[Dataset excerpt — start]

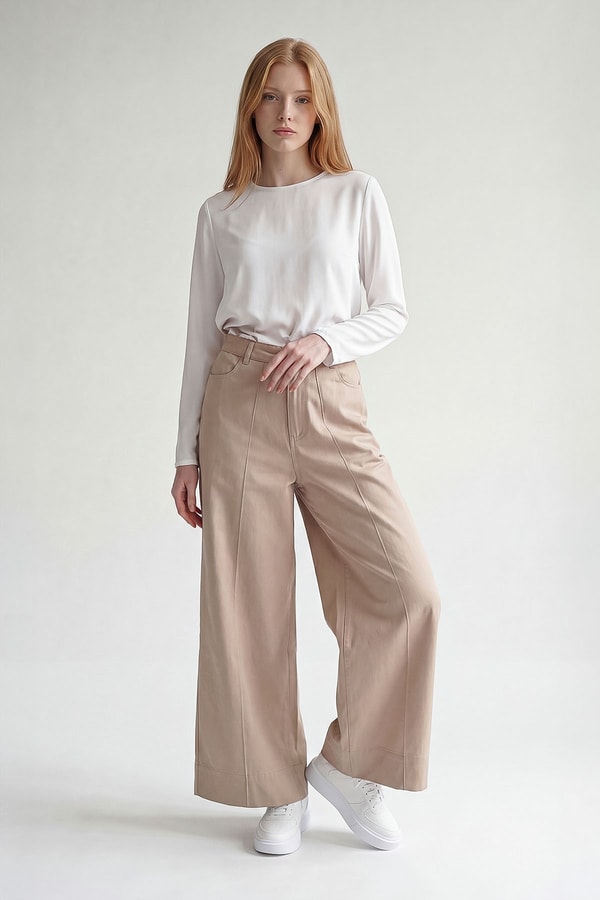 Bej Wideleg Pantolon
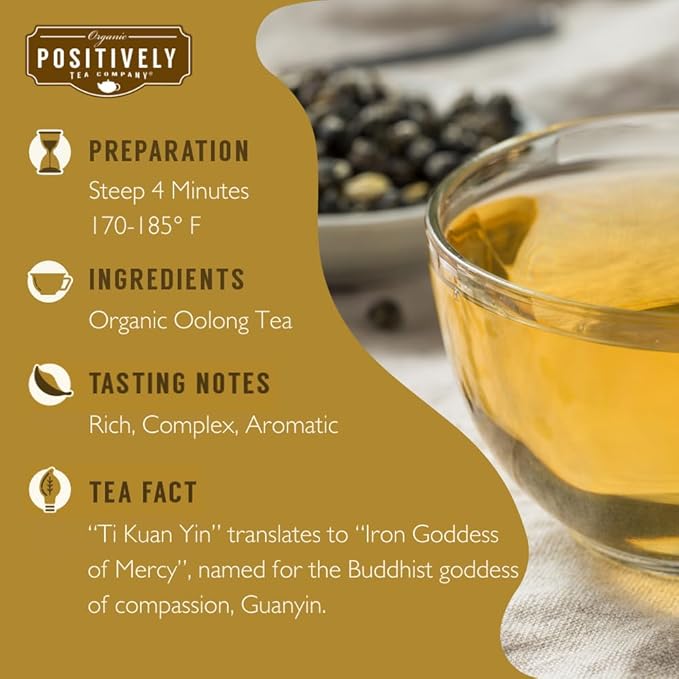 Organic Positively Tea Company Ti Kuan Yin Oolong Tea Loose Leaf 16 Ounce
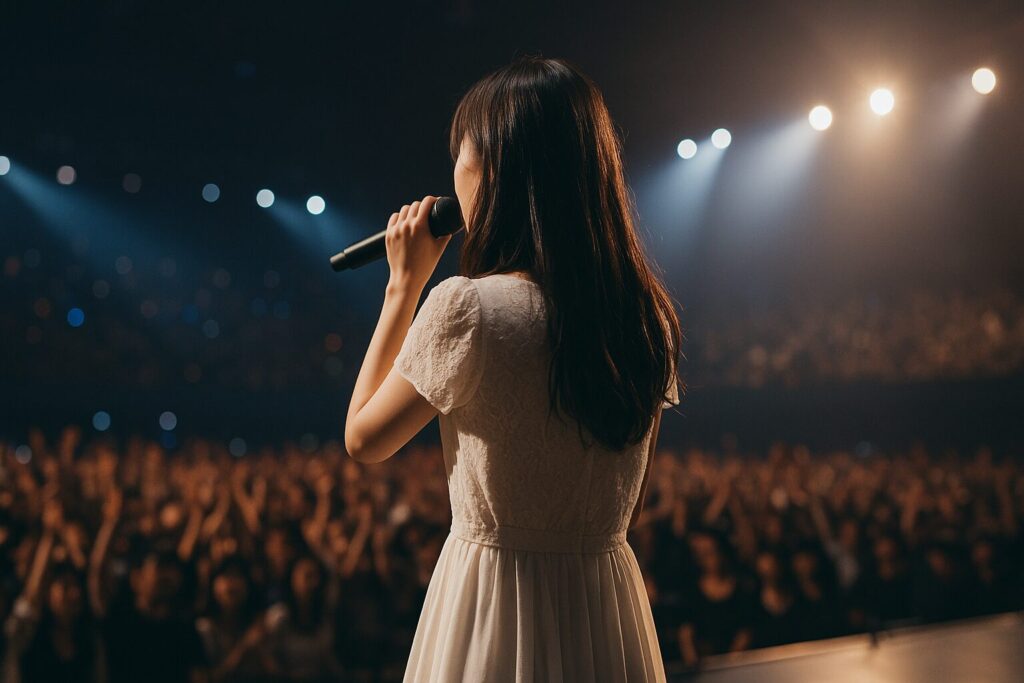 女性アーティストがライブをおこなっている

[Dataset excerpt — finish]

Problem description:
Write out, word for word, the lines running from the one containing "Organic Positively Tea" to the end of the data above; the pictures are to be left out.

Answer to the problem:
 Organic Positively Tea Company Ti Kuan Yin Oolong Tea Loose Leaf 16 Ounce
 女性アーティストがライブをおこなっている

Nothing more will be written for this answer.